I don't know what happened. I really, really don't. I have started to like camping. I used to hate it, but would agree to it as a necessary evil. If you like to be on a trail early in the morning, sometimes you have to camp. Although, I have to admit that I prefer to camp away from a campground. You have to be aware of where you are so that you are not on private property or property where that is not allowed, but it's nicer than all of the noise, in my opinion.
I am quickly coming to see the best kind of camping as being backpacking. It hurts in a way, because those packs can get heavy. I'm not an ultralight packer, and I'm not likely to become one soon, but the weight is work going up a hill in high elevation.
The thing about backpacking, though, is that it allows a person to experience nature in a whole different way than we typically do. So much of our lives are spend running from one thing to the next with constant electronic distraction. Even on a trail, I often feel the pressure a bit. You have to drive to the trail, try to get to your destination before the storms come, then drive home, often in heavy traffic. Backpacking is different. Even just an overnighter. Once you are on the trail, that's where you are. If the rain comes, you don't race back to your car because you're usually too far in. In fact, you don't see a car for at least 24 hours and you certainly don't have to fight traffic. It's enough work to do that even the foot traffic is typically lighter.
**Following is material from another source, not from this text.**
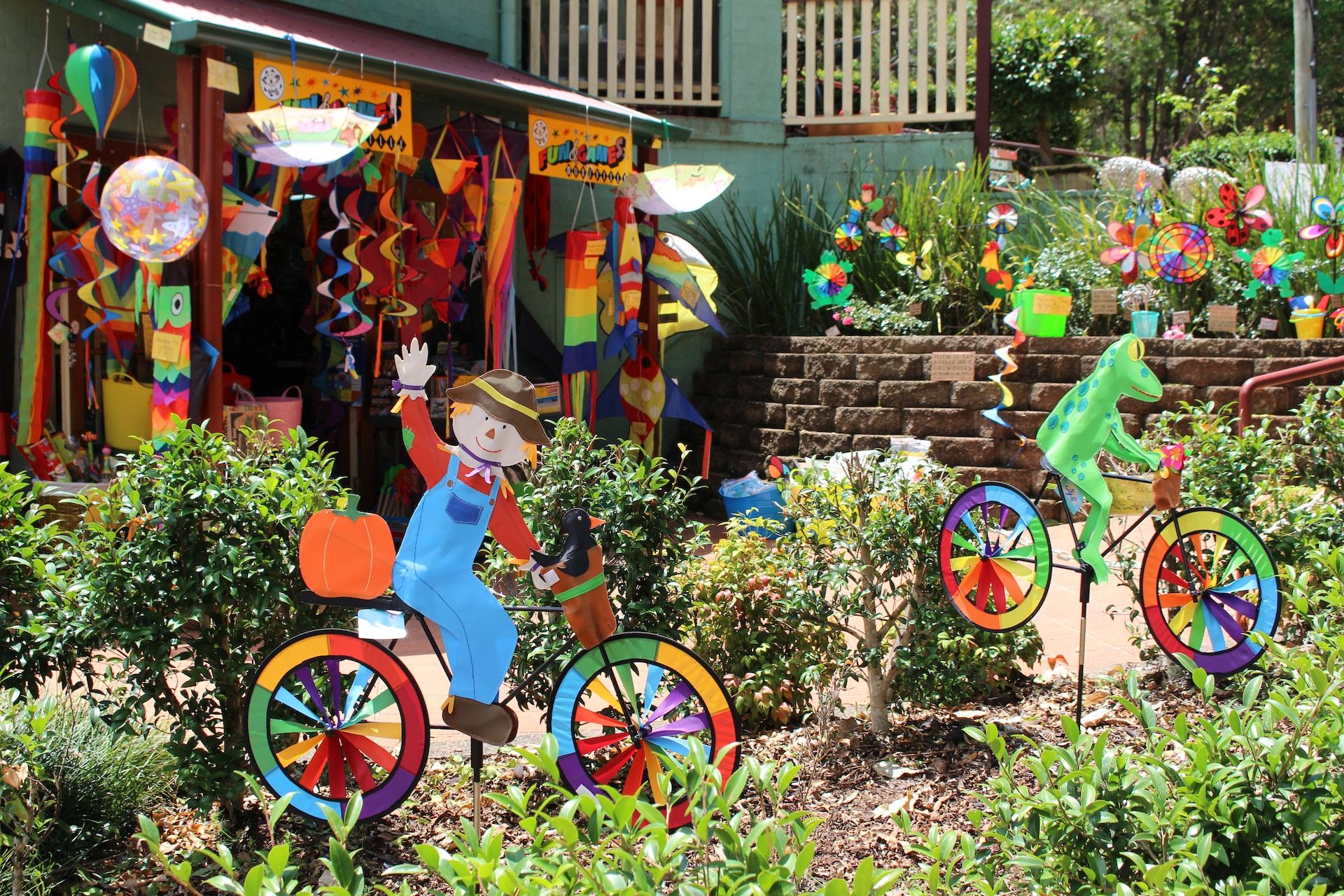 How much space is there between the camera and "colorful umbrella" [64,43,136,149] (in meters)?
5.79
This last trip was interesting. We weren't able to make our destination because the storms rolled in. You can't go sit in your tent in a storm, because it isn't safe. You pull out the rain gear and stand outside in the rain. But not close enough for easy conversation, because if lightning strikes, you don't want it to take out the whole group. (It wasn't that close, but we'll take any safety measure we can get!) Then we had a short break, then another storm. Then we didn't have quite enough time to hike anywhere, so we sat in a high meadow surrounded by waterfalls.
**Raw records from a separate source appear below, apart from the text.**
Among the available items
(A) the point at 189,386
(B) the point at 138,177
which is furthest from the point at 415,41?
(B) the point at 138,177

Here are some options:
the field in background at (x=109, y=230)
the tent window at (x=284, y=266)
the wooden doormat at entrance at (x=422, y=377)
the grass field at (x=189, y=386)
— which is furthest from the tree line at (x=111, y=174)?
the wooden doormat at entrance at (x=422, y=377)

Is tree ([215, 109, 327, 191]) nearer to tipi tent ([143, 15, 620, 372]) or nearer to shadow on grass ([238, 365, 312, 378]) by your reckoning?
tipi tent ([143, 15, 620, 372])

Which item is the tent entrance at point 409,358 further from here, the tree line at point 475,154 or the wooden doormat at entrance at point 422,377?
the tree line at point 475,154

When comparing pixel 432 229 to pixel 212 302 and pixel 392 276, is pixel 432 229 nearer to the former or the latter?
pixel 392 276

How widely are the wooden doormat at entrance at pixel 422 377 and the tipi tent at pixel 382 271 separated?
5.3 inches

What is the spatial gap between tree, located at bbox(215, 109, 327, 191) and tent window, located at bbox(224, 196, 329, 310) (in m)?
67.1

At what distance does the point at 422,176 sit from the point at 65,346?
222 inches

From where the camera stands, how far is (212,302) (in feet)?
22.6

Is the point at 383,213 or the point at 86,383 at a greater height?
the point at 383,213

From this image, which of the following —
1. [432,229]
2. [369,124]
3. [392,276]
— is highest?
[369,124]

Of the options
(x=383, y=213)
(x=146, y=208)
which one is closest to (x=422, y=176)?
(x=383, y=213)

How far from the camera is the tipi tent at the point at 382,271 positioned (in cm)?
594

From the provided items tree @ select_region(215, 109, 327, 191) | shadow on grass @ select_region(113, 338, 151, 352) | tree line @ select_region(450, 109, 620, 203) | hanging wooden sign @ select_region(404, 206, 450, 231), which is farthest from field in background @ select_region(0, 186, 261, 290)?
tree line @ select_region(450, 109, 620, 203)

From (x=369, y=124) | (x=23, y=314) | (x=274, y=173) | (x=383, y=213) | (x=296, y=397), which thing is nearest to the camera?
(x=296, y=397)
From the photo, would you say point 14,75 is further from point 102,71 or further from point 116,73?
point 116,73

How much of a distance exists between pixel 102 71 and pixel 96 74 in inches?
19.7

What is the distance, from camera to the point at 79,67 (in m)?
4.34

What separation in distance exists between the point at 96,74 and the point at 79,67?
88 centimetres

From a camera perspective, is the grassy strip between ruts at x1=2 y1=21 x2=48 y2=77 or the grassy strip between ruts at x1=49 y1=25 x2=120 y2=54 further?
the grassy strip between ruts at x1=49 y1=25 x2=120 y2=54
I had a love/hate relationship with standing in the rain. I wanted to go to some mountain lakes. Or I was tired, and would have been happy to take a nap. Really, just about anything sounded like a good idea. Instead there was nothing to do and nowhere for me to go. I just had to be there in that moment. There was no escaping the discomfort, only going through it (and it wasn't that uncomfortable; it's amazing what good gear will do for you). I stood in the rain and watched the way the water made the leaves dance. I had to start to learn to be okay with being still and not turning to the next distraction.
What was really nice, though, is that by the evening, when my friend had gone to bed early, I sat in a high mountain meadow. It was a little daunting to have over an hour before sunset and absolutely nothing to do. I'm not used to that at all. In the quiet, surrounded by the sound of waterfalls and birds and amazing mountain air, I started thinking about the way that we were moving away from the sun. Though everything seemed perfectly still, we were barreling away from the sun. I don't know why I think what I do out there, but it was something that I was very aware of in the stillness of that moment.
I can also tell you that I was able to chat with God in a way that I haven't been able to for a long time. I think I have too many distractions, and I'm not quite sure what I'm going to have to be doing about that, but in that moment, I didn't worry about fixing anything. I just took that moment to breathe in and breathe out, to reach out to God and let Him reach back to me through the stillness.
I can tell you that every storm in the last couple of weeks has made me extremely grateful to be indoors, but as crazy as it sounds, being outside having to deal with the realities that we often run from (like rain is wet) was pretty amazing as well.